_EXERCISE DIRECTIONS:_
In the entries below, begin at the line that has "Residenza a Pimmit", stop after the line that has "Building Photo - 1102 64th St", and output those lines exactly with no pictures.

┌─ EXERCISE DATA

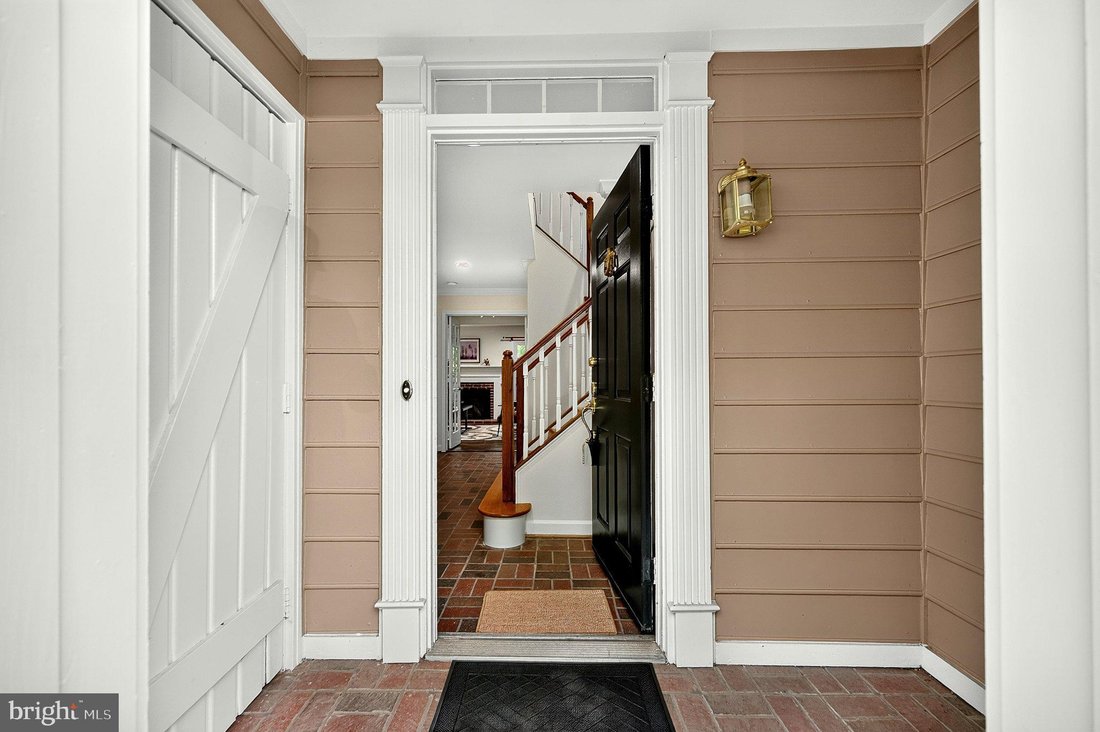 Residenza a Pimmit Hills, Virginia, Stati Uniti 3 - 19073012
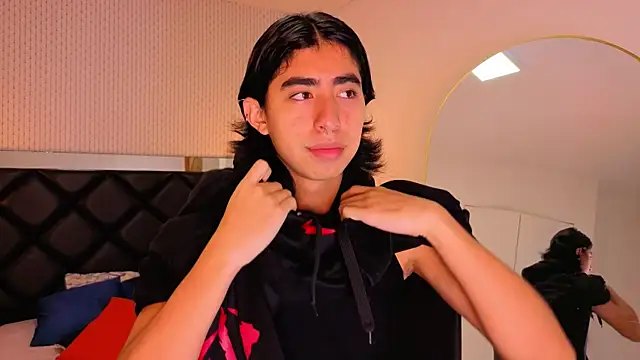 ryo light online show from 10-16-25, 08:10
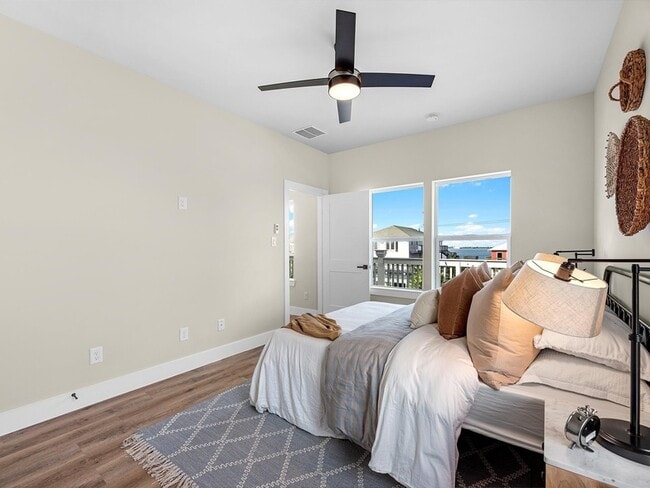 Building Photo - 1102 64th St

└─
┌─ EXERCISE DATA

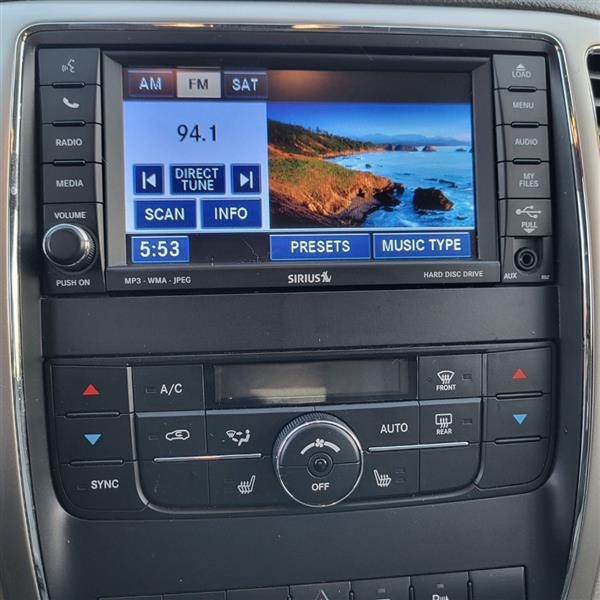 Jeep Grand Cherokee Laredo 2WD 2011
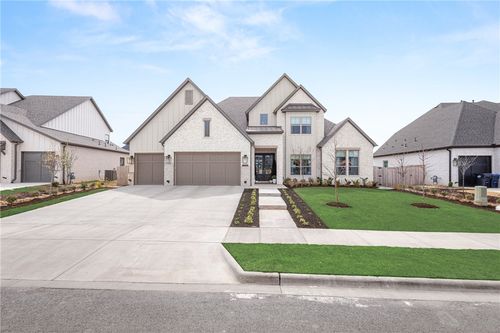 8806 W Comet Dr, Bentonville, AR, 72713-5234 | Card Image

└─
┌─ EXERCISE DATA

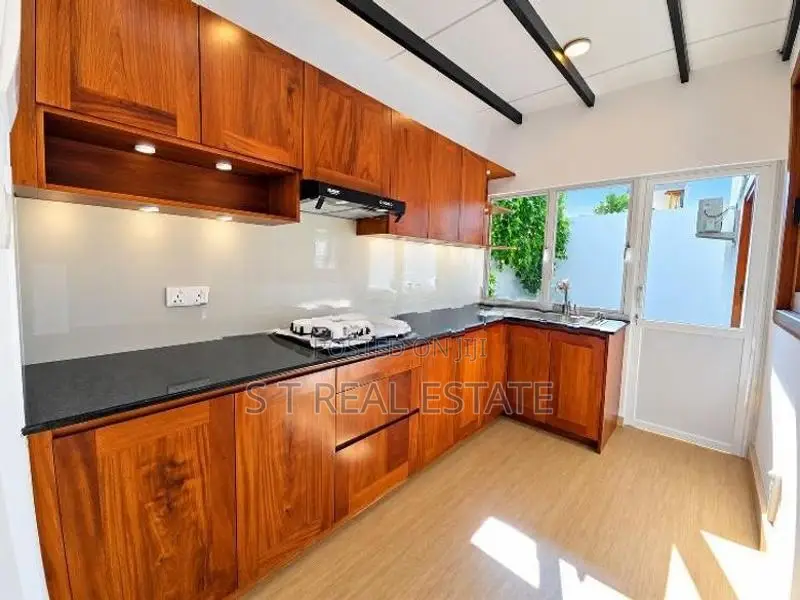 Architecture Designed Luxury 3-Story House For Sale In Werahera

└─

_ANSWER BOX:_
 Residenza a Pimmit Hills, Virginia, Stati Uniti 3 - 19073012
 ryo light online show from 10-16-25, 08:10
 Building Photo - 1102 64th St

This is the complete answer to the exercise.